4.4.1 IBM PowerPC 405
The IBM PowerPC 405 is a 32‐bit RISC microprocessor embedded in
Xilinx’s Virtex‐II Pro FPGA. The core occupies a small die area and consumes
minimal power making it ideal for system‐on‐chip (SoC) embedded applications.
It can run at a clock speed of over 400 MHz to produce over 600 Dhrystone MIPS.
A memory management unit (MMU), a 64‐entry unified Translation Look‐aside
Buffers (TLB), debug support, and watchdog timers enable an embedded
operating system to function for no additional logic cost.
38
4.4.2 Embedded Development Kit
To utilize the embedded PowerPC the Embedded Development Kit (EDK)

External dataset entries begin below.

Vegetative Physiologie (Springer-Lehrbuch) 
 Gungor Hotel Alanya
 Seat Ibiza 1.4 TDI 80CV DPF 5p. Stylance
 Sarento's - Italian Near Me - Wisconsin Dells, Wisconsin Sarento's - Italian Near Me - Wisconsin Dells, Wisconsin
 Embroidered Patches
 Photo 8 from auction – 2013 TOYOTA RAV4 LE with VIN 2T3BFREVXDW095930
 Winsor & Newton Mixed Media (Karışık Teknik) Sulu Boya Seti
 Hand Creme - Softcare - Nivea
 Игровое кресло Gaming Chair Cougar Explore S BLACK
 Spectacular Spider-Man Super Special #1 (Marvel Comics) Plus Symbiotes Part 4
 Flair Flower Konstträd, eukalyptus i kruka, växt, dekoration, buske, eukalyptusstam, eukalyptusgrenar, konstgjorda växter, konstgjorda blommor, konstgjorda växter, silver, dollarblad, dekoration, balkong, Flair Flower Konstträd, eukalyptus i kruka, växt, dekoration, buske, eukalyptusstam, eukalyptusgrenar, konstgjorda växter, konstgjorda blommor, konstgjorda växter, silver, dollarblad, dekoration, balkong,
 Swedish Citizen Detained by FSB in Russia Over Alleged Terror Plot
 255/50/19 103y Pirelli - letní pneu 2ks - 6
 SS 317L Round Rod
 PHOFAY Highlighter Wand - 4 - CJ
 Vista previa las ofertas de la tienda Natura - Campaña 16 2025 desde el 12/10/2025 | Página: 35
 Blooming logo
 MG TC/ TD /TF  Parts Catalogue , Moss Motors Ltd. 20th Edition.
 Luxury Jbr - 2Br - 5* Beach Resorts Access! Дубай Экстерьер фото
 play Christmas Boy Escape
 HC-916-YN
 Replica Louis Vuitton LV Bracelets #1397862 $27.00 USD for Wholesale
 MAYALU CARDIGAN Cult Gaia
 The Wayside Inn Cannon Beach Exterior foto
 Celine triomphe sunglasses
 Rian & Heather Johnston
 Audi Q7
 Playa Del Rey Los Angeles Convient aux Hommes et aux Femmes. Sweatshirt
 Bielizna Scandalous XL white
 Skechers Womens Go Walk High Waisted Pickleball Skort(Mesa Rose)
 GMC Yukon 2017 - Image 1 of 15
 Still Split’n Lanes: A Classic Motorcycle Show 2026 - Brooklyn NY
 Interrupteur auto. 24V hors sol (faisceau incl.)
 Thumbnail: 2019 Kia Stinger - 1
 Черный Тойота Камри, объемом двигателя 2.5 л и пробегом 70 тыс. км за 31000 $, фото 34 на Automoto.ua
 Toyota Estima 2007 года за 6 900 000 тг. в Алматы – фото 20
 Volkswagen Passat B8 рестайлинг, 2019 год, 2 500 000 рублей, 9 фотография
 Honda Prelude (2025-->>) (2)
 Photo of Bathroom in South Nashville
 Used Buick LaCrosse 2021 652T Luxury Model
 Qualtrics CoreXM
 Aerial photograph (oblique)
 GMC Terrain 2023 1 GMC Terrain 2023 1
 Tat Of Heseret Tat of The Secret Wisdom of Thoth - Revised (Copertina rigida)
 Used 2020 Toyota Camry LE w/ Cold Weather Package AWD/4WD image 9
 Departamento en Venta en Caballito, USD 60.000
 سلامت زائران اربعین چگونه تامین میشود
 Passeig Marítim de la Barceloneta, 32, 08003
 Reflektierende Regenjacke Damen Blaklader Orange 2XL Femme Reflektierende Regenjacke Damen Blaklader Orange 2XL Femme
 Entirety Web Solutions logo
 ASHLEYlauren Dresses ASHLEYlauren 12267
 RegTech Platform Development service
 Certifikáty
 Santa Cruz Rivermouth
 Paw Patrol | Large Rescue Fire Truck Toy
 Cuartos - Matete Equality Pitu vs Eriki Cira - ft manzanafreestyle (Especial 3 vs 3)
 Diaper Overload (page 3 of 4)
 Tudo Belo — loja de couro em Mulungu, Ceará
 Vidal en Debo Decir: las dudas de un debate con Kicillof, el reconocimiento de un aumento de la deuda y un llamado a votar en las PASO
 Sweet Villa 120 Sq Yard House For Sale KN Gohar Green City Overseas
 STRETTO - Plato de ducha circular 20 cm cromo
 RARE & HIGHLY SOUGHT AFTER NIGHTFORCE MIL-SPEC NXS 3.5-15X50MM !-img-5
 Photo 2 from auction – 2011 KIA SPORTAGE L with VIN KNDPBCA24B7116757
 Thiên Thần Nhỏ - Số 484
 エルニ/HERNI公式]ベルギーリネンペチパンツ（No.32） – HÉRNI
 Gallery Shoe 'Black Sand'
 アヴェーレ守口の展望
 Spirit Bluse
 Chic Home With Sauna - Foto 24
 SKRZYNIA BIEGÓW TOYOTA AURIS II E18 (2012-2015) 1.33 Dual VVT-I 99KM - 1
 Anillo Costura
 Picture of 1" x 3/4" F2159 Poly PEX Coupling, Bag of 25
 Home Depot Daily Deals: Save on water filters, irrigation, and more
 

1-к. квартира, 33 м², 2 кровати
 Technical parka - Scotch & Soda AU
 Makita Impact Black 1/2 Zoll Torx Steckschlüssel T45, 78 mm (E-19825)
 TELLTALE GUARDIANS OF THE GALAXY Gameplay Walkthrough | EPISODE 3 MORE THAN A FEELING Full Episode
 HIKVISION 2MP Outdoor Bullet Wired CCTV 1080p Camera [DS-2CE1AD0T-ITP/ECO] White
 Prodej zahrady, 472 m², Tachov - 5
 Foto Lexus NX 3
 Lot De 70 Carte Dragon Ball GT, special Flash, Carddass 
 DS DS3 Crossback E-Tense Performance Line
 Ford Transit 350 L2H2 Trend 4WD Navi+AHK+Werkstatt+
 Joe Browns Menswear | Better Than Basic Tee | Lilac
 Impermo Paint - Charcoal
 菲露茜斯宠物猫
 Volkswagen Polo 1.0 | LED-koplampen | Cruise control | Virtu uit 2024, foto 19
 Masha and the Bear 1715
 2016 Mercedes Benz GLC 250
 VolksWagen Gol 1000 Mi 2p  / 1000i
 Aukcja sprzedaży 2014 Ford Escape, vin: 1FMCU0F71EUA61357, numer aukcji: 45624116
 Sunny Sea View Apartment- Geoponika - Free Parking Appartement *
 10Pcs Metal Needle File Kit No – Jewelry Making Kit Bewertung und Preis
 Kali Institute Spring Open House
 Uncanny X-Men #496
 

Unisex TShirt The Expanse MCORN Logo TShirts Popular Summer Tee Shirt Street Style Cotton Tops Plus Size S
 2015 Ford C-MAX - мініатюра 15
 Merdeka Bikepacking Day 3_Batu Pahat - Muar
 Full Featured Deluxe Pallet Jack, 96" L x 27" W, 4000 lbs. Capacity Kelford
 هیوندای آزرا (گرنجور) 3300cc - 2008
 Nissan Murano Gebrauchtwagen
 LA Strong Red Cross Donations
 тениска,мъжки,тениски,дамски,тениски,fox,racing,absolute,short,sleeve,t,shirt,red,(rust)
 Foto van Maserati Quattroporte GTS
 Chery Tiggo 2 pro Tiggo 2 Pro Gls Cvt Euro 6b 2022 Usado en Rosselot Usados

from Xilinx must be used. EDK includes the tools necessary to instantiate the
embedded microprocessor, as well as numerous soft IP cores, and an integrated
C compiler. The engineer defines the system architecture in EDK and generates
the netlists and HDL wrappers, and then writes the embedded software. EDK
can then be used to generate the bitstream and download it to the FPGA, or
alternatively, the netlists and HDL wrappers can be exported to an ISE project for
place and route and bitstream generation.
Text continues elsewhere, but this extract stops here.